Politik

Mager

Eine koalitionäre Glanzleistung ist das angepeilte Verbot von Glyphosat nicht. Eher nutzen Union und SPD die europäischen Gegebenheiten für die gute Sache. Die Zulassung des umstrittenen Unkrautvernichters läuft im Jahr 2023 aus. Niemand rechnet damit, dass es nach den bereits heftig in Brüssel geführten Debatten noch einmal eine Verlängerung für den weiteren Einsatz geben wird. Glyphosat wird so oder so vom Acker verschwinden. In dem vom Bundeskabinett auf den Weg gebrachten Agrarpaket sind daher andere Vorhaben bemerkenswerter.
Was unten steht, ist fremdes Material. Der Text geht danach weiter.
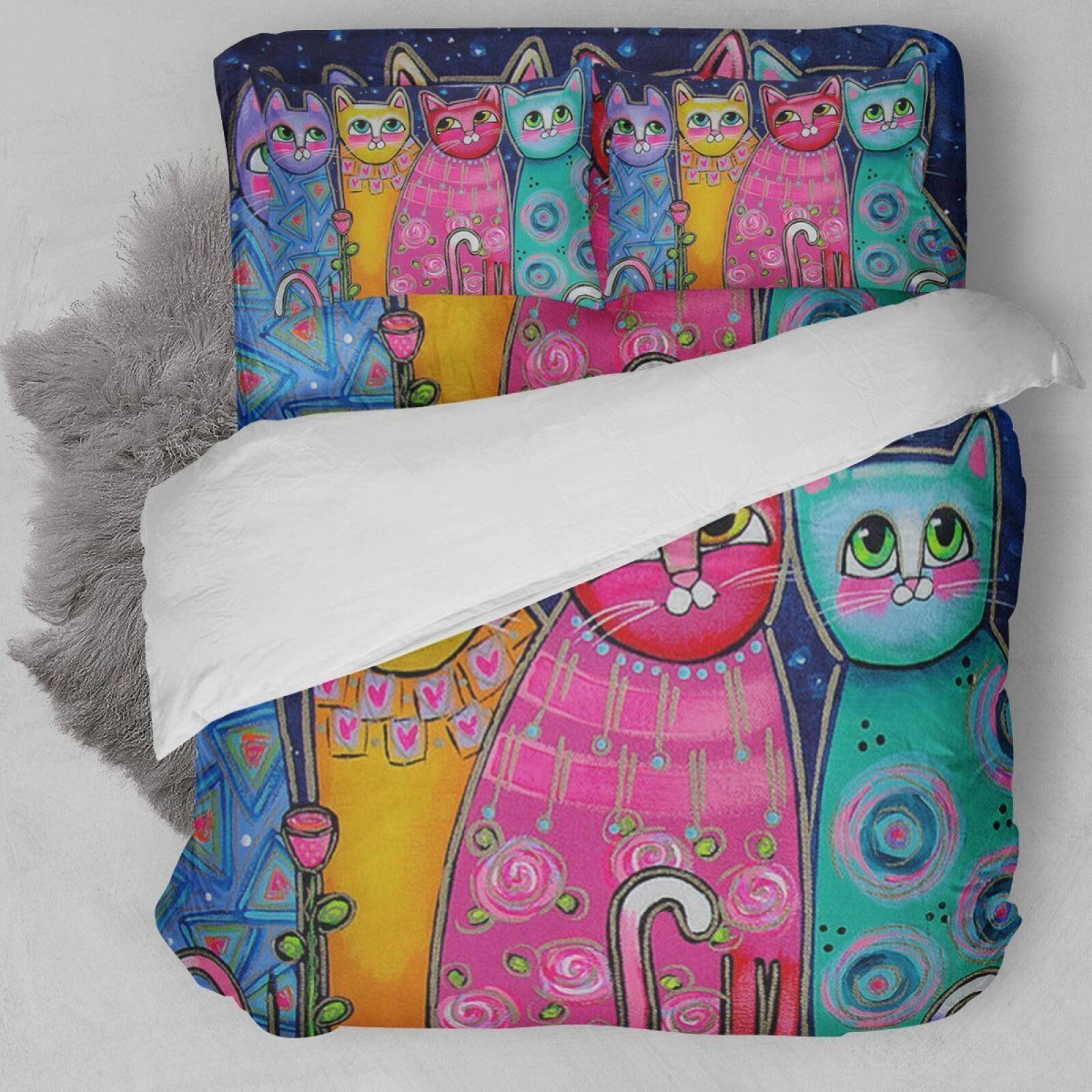 Colorful Cat Painting Duvet Cover Bedding Set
Landwirtschaftsministerin Julia Klöckner zahlt für die Zustimmung der SPD zu ihrem selbst in den eigenen Reihen umstrittenen Tierwohllabel einen hohen Preis – sie legt sich dafür gleich mehrfach mit den Landwirten an. Zum einen durch das Kennzeichen an sich, dass der Bauernverband für zu kostspielig und sowieso für völlig unnötig erachtet. Zugleich sieht das Aktionsprogramm für mehr Insektenschutz vor, den Einsatz anderer Pflanzenschutzmittel stark einzudämmen. Das richtet sich nicht nur, aber ebenfalls gegen die Landwirtschaft.

Und schließlich hat Klöckner nach langem Widerstand auch noch der Umschichtung bei der Agrarförderung zugunsten des Umweltschutzes zugestimmt, wodurch die Direktzahlungen für die Bauern geringer werden. Das alles, weil die Ministerin partout einen politischen Erfolg wollte. Ob ein weiteres Siegel die Verbraucher nicht eher verwirrt als ihnen nutzt, sei einmal dahingestellt.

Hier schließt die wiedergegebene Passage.